Source records
........
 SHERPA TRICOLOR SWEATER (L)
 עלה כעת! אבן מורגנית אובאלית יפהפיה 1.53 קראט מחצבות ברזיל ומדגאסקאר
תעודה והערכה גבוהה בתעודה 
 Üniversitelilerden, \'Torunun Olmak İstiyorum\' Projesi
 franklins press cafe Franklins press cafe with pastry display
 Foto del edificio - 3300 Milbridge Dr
........
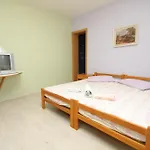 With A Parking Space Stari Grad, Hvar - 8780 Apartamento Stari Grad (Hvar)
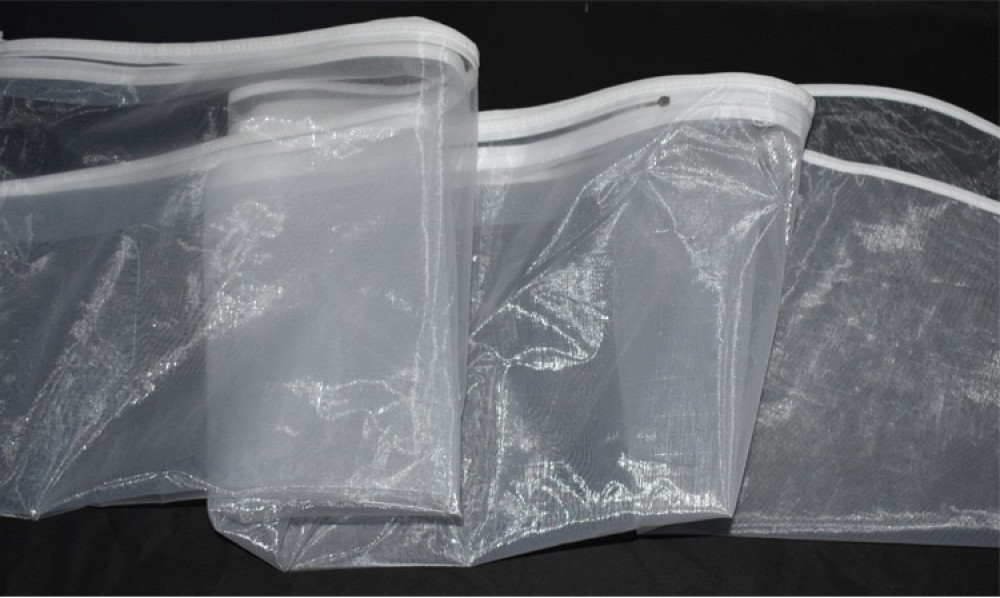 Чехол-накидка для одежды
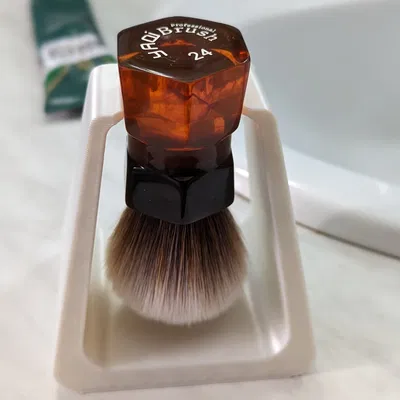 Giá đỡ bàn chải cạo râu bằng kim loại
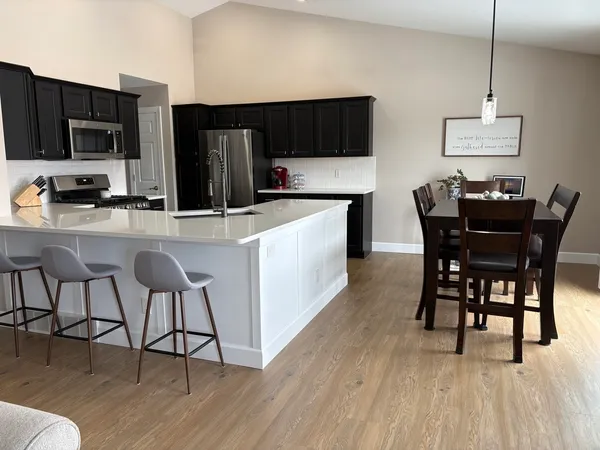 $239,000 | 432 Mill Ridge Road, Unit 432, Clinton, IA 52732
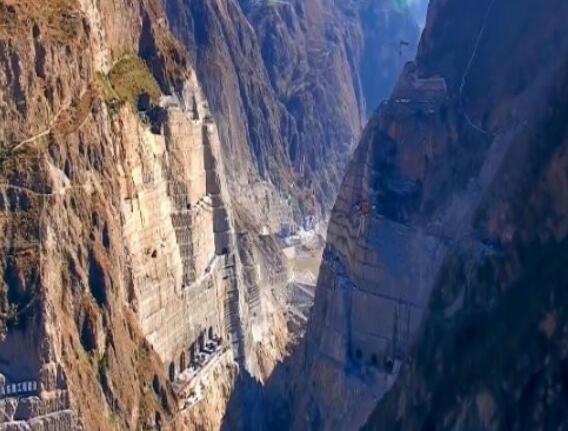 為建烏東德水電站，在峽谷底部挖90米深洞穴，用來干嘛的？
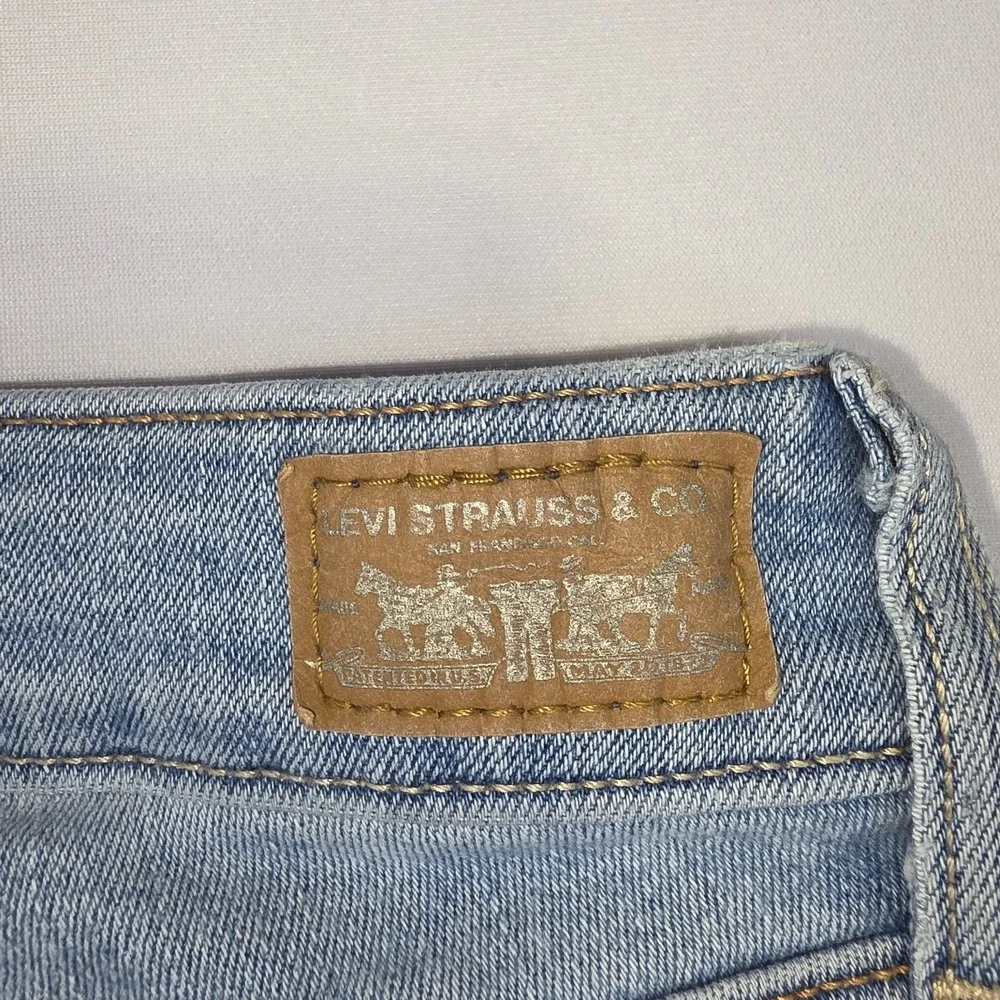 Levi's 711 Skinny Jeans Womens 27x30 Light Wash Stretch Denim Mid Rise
........
Look above for the line with "SHERPA TRICOLOR SWEATER (L)" and the line with "Foto del edificio - 3300 Milbridge Dr". Write out those two lines and all the lines between them, exactly, and no others.

### Exercise output
 SHERPA TRICOLOR SWEATER (L)
 עלה כעת! אבן מורגנית אובאלית יפהפיה 1.53 קראט מחצבות ברזיל ומדגאסקאר
תעודה והערכה גבוהה בתעודה 
 Üniversitelilerden, \'Torunun Olmak İstiyorum\' Projesi
 franklins press cafe Franklins press cafe with pastry display
 Foto del edificio - 3300 Milbridge Dr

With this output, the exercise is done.